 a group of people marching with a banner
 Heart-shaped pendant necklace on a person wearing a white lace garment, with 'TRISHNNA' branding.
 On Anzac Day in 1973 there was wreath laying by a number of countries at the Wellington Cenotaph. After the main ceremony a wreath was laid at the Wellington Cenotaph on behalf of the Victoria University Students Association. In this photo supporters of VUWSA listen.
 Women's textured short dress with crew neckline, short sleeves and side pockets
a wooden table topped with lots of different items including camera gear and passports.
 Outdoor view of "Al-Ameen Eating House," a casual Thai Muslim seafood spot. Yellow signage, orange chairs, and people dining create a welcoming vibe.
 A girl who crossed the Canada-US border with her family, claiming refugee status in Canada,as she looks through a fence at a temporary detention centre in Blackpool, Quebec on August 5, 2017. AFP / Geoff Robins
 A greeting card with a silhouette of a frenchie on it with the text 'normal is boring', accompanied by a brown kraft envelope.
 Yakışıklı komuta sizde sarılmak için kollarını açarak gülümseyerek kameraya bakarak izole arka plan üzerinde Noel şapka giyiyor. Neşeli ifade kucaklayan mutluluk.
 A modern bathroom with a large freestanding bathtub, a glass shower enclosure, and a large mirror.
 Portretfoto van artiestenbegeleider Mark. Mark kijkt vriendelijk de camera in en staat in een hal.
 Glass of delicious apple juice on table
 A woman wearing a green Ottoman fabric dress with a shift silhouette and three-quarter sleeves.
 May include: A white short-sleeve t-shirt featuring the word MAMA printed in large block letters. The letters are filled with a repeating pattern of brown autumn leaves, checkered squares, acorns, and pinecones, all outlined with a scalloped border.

============

■ WHAT YOU SHOULD DO
Could the entire listing be repeated exactly as written?

■ EXERCISE RESPONSE
 a group of people marching with a banner
 Heart-shaped pendant necklace on a person wearing a white lace garment, with 'TRISHNNA' branding.
 On Anzac Day in 1973 there was wreath laying by a number of countries at the Wellington Cenotaph. After the main ceremony a wreath was laid at the Wellington Cenotaph on behalf of the Victoria University Students Association. In this photo supporters of VUWSA listen.
 Women's textured short dress with crew neckline, short sleeves and side pockets
a wooden table topped with lots of different items including camera gear and passports.
 Outdoor view of "Al-Ameen Eating House," a casual Thai Muslim seafood spot. Yellow signage, orange chairs, and people dining create a welcoming vibe.
 A girl who crossed the Canada-US border with her family, claiming refugee status in Canada,as she looks through a fence at a temporary detention centre in Blackpool, Quebec on August 5, 2017. AFP / Geoff Robins
 A greeting card with a silhouette of a frenchie on it with the text 'normal is boring', accompanied by a brown kraft envelope.
 Yakışıklı komuta sizde sarılmak için kollarını açarak gülümseyerek kameraya bakarak izole arka plan üzerinde Noel şapka giyiyor. Neşeli ifade kucaklayan mutluluk.
 A modern bathroom with a large freestanding bathtub, a glass shower enclosure, and a large mirror.
 Portretfoto van artiestenbegeleider Mark. Mark kijkt vriendelijk de camera in en staat in een hal.
 Glass of delicious apple juice on table
 A woman wearing a green Ottoman fabric dress with a shift silhouette and three-quarter sleeves.
 May include: A white short-sleeve t-shirt featuring the word MAMA printed in large block letters. The letters are filled with a repeating pattern of brown autumn leaves, checkered squares, acorns, and pinecones, all outlined with a scalloped border.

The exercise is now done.